*** Records for processing Section Begins ***

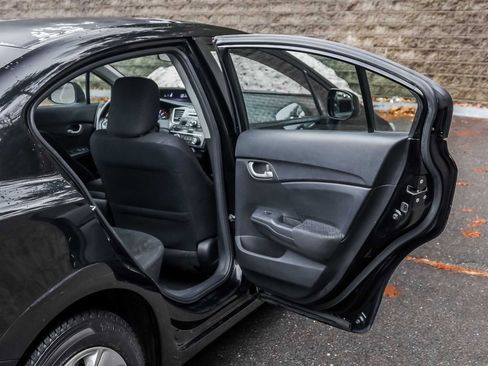 Used 2013 Honda Civic LX image 17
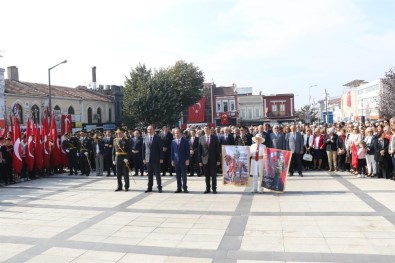 Edirne'de 29 Ekim Coşkusu Çelenk Sunumu İle Başladı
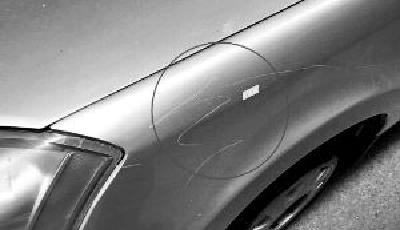 "熊孩子"比賽拿石頭刮花54輛車 事發(fā)數(shù)日家長不露面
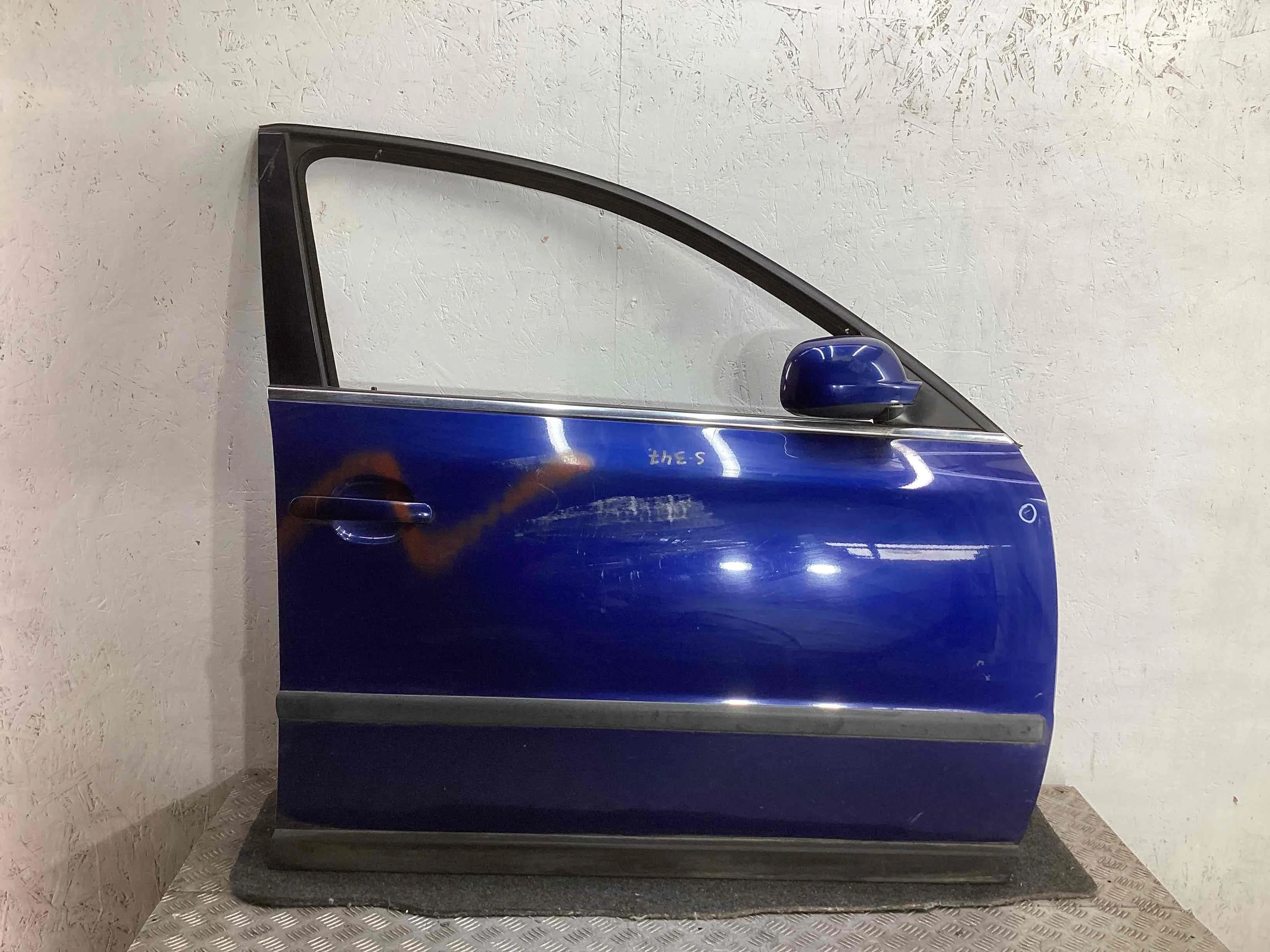 Дверь передняя правая Volkswagen Passat Passat B5+ (3B) 2000-2005 рестайлинг 2001 1,6 Бензин МКПП 5ст. Универсал.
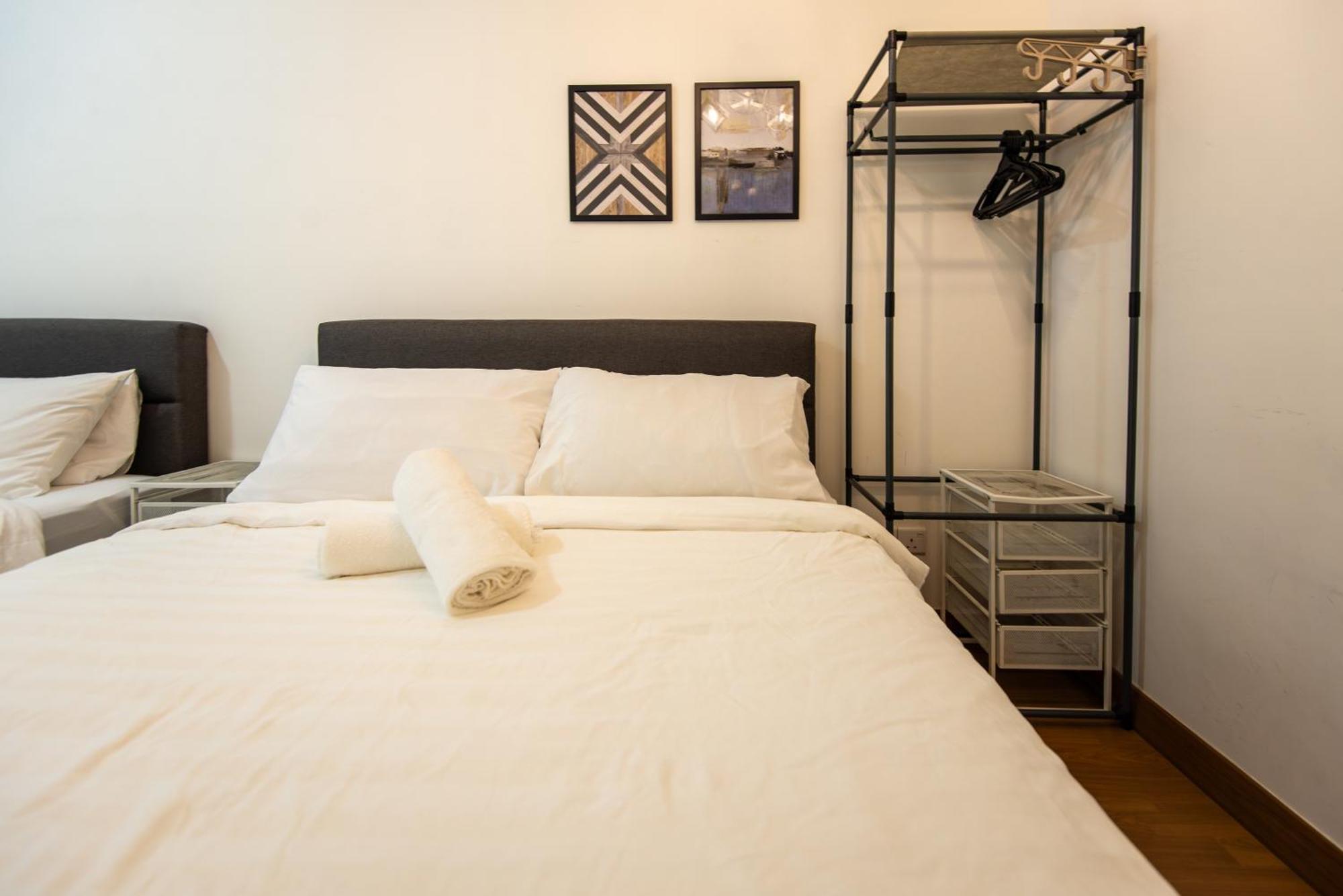 Casa Orient @ Macalister 218 ❈中路218东方之家 3Br 8Pax Appartement George Town Buitenkant foto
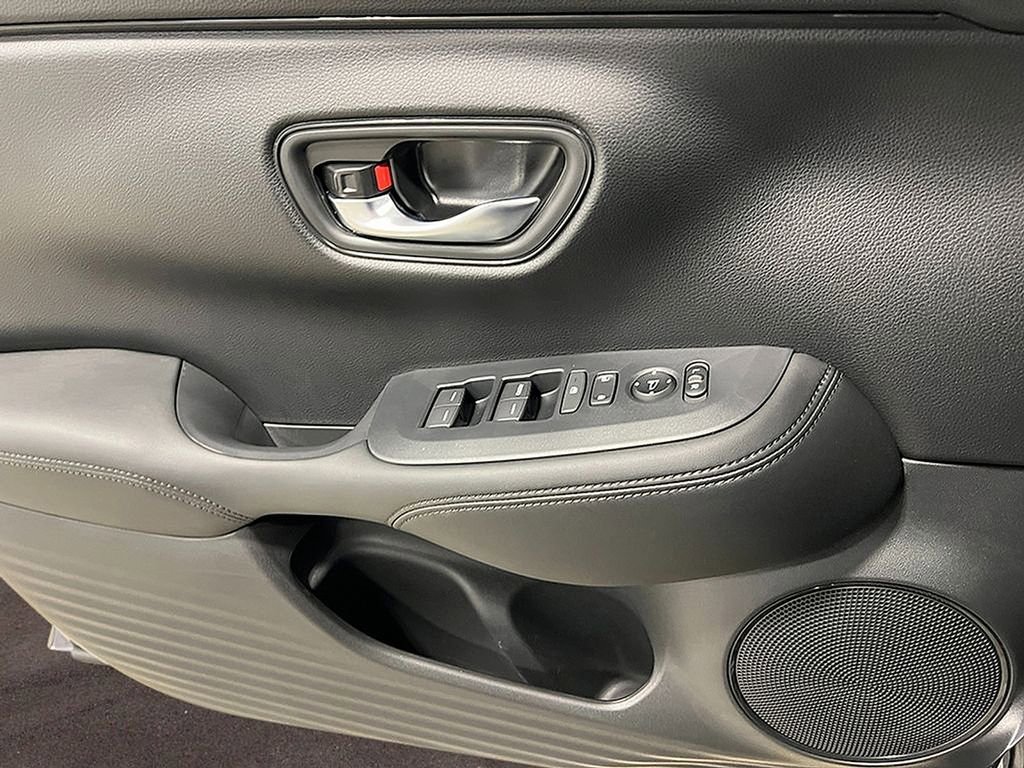 Used 2025 Honda HR-V LX image 13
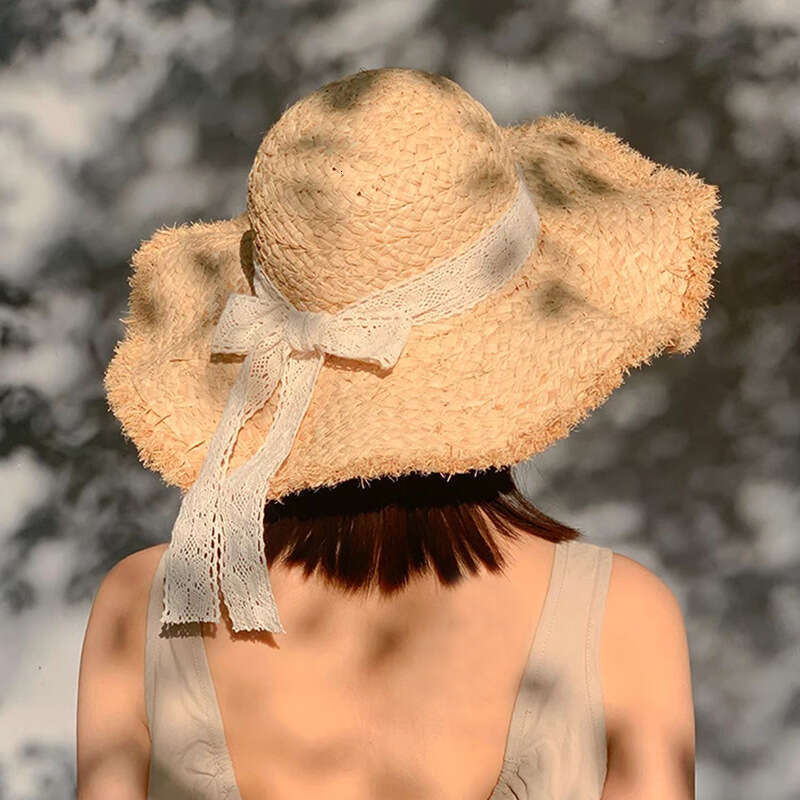 Hand-woven wide-brimmed hat Women's fashionable accessories Breathable Suitable for summer trips and pool parties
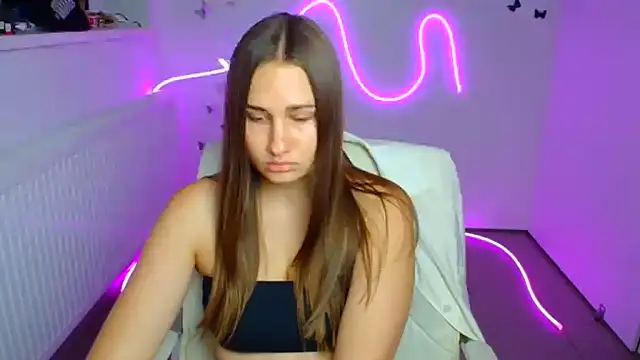 Stefanie Sweet online show from August 3, 5:44 am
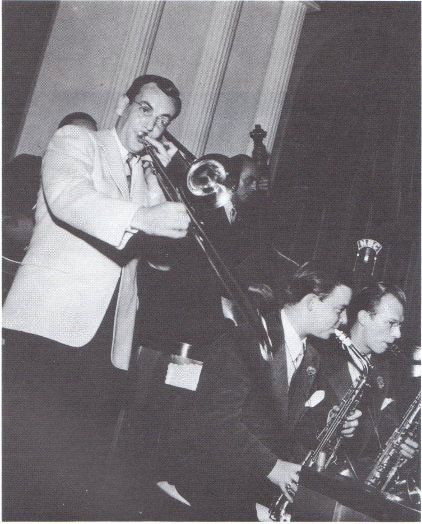 GLENN Soloes at Cafe Rouge Autumn 1941 smallen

*** Records for processing Section Ends ***

Task to complete: With all pictures removed, reproduce the lines from the top of the entries above through the line containing "Дверь передняя правая", exactly as written.

Solution to this exercise:
 Used 2013 Honda Civic LX image 17
 Edirne'de 29 Ekim Coşkusu Çelenk Sunumu İle Başladı
 "熊孩子"比賽拿石頭刮花54輛車 事發(fā)數(shù)日家長不露面
 Дверь передняя правая Volkswagen Passat Passat B5+ (3B) 2000-2005 рестайлинг 2001 1,6 Бензин МКПП 5ст. Универсал.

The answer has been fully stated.